• _Task description_
Restate, word for word, the run of lines that starts at the line containing "The Rock responds" and ends with the final line of the listing. Leave pictures out.

#### Given data

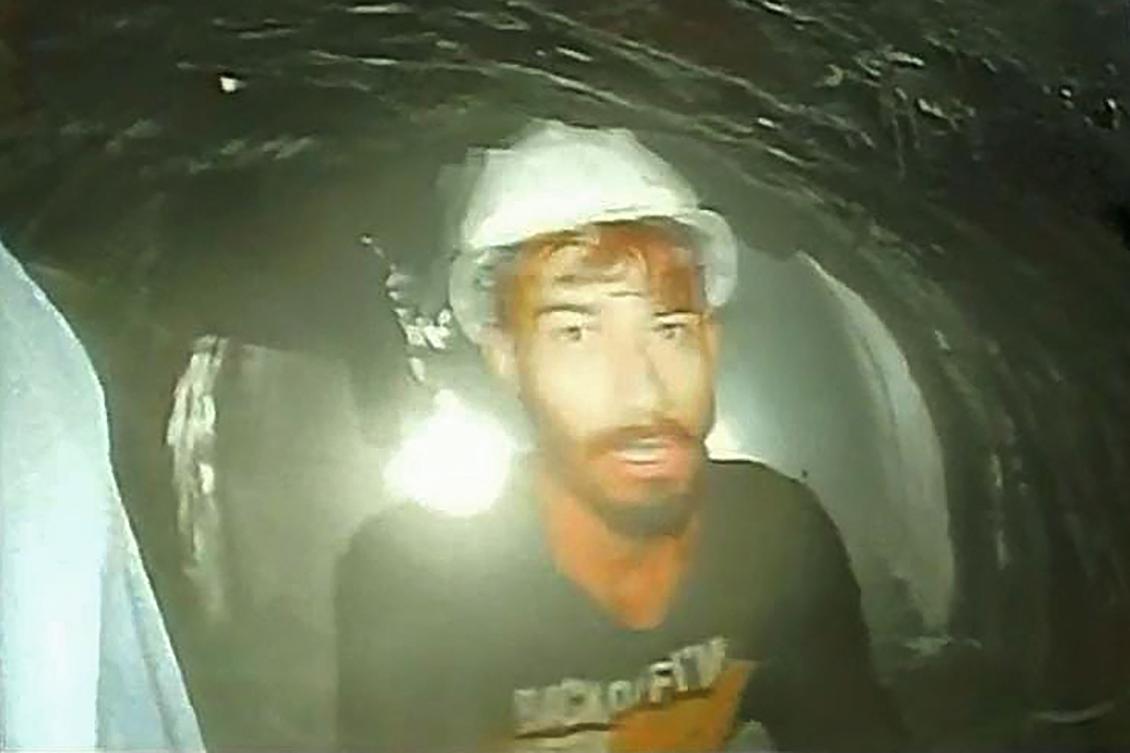 Above, a worker trapped inside the under-construction tunnel is seen through an endoscopic camera on November 21, 2023. (Department of Information and Public Relation via AFP)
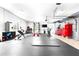 Home gym with various equipment and rubber flooring at 724 Bayshore Dr, Terra Ceia, FL 34250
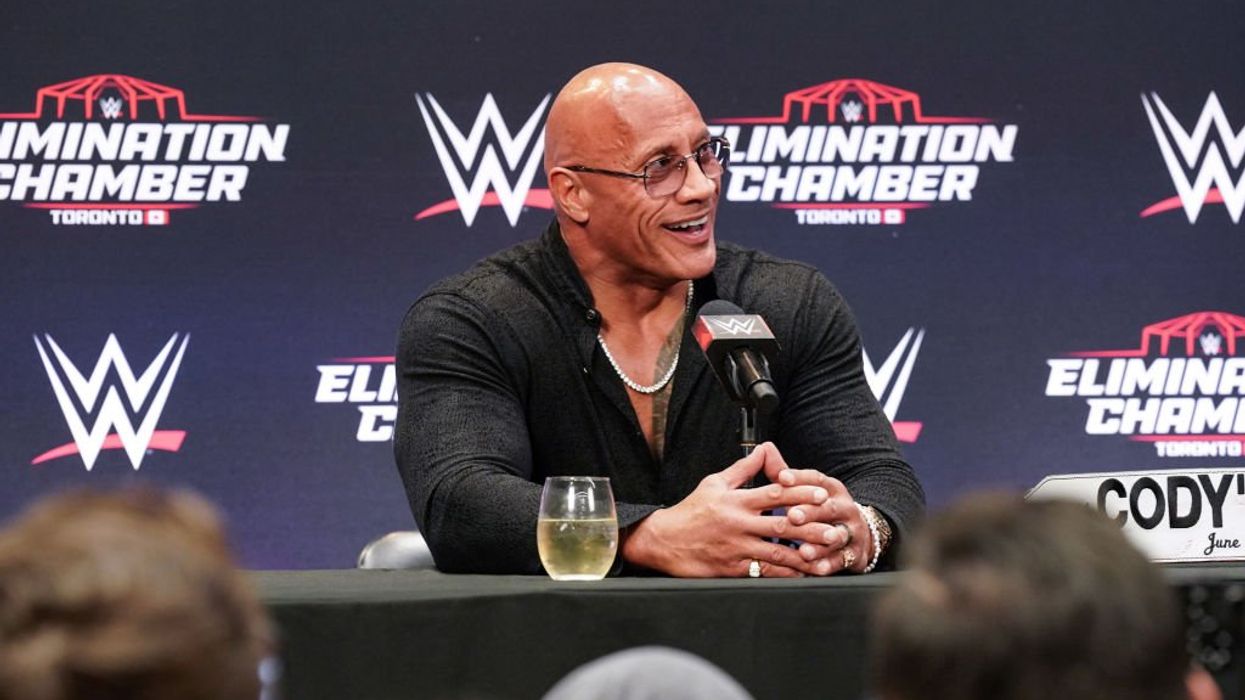 The Rock responds to WrestleMania criticism by telling media the whole business is fake: 'Enjoy the show'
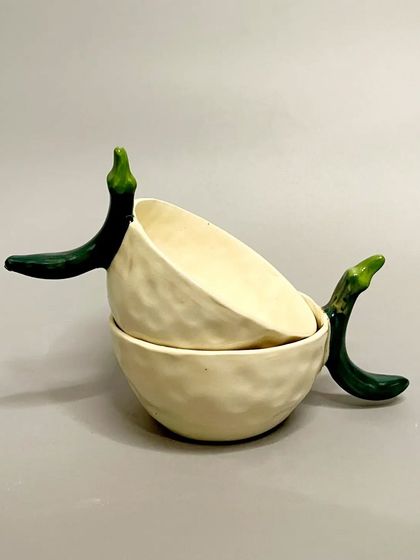 Two of my chili mugs, showing how they stack. Each mug is uniquely handcrafted, making it a special and spicy addition to your collection.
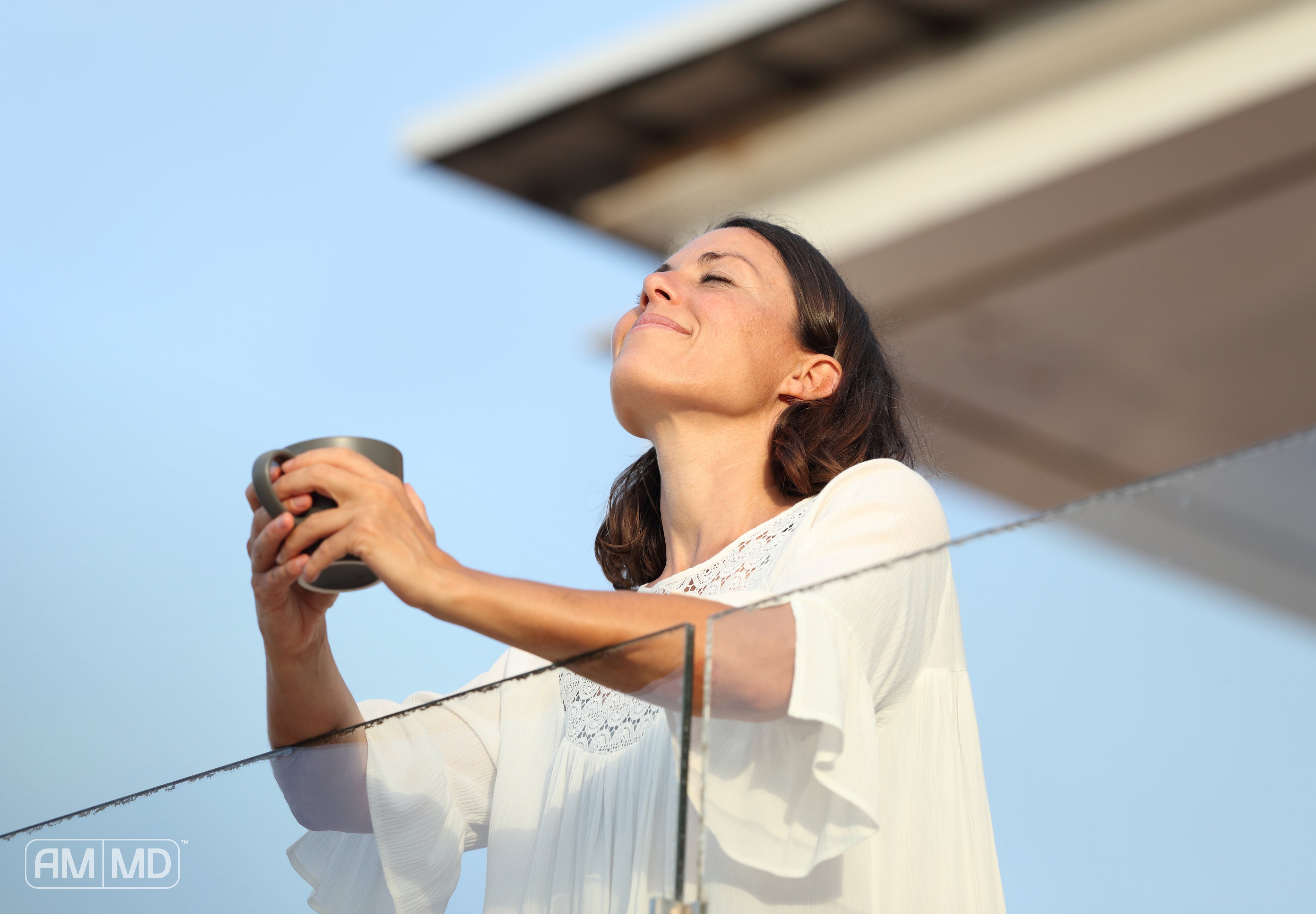 Woman sitting coffee outside on a balcony - What to Take for Energy: Full-Body Approach - AMMD™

########

• _Response below_
 The Rock responds to WrestleMania criticism by telling media the whole business is fake: 'Enjoy the show'
 Two of my chili mugs, showing how they stack. Each mug is uniquely handcrafted, making it a special and spicy addition to your collection.
 Woman sitting coffee outside on a balcony - What to Take for Energy: Full-Body Approach - AMMD™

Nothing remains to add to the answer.